Plusieurs autres articles ultra-révolutionnaires remplissaient ce numéro du journal, dont il se vendit un nombre très considérable, et que le public s'attendait à voir saisi le lendemain par la police.
La surprise cessa lorsque le numéro suivant fit connaître que ce n'était qu'une supercherie littéraire.
SECTION SECONDE.
DES PASTICHES COMPOSÉS COMME EXERCICE DE STYLE OU AMUSEMENT, ET DES SUPPLÉMENTS D'AUTEUR ET INTERCALATIONS.

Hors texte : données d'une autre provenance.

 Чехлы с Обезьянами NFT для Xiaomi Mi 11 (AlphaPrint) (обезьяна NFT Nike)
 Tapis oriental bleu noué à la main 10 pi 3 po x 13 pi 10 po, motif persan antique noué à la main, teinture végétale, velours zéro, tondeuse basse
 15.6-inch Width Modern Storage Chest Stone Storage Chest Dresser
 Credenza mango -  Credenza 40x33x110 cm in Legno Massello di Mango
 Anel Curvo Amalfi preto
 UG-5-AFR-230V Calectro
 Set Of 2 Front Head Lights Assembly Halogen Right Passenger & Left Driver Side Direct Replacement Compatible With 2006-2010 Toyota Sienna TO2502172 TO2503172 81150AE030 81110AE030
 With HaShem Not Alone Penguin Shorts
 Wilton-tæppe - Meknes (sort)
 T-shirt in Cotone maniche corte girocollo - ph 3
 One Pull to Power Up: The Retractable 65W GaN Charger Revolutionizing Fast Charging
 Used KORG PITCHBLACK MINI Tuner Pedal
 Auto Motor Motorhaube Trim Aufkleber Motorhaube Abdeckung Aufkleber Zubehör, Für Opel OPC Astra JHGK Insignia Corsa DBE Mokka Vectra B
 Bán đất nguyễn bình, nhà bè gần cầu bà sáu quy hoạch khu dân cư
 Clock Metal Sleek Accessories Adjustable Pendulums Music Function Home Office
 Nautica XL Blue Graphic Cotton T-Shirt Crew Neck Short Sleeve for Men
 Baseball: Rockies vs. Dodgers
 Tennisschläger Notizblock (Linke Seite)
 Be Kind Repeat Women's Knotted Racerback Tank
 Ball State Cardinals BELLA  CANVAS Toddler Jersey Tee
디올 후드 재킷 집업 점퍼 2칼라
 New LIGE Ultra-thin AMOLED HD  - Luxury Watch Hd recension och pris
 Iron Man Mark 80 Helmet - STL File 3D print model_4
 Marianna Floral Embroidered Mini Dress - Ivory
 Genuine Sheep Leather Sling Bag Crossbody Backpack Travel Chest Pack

"Idem duo quum faciunt, non tamen est idem."
—Publius Syrus.
Nous ne pouvons mieux commencer cette section, qu'en citant les paroles d'un habile pasticheur, pour expliquer ce qui engage un écrivain à ce labeur d'imitation:—"La première impulsion à laquelle il faut attribuer le goût d'imiter différents auteurs, c'est le charme secret et involontaire que l'on éprouve à leur lecture, c'est la convenance de leurs pensées, la beauté de leurs sentiments, la magie de leur style qui nous séduit. On ne peut manquer de perfectionner son propre goût, par l'imitation des plus beaux modèles."[139]
[139] Avant-propos du recueil des Pastiches de N. Chatelain.
Cependant il faut bien y prendre garde, il y a un écueil en naviguant dans ces eaux, et notre auteur y a échoué, comme nous l'avons vu ci-dessus.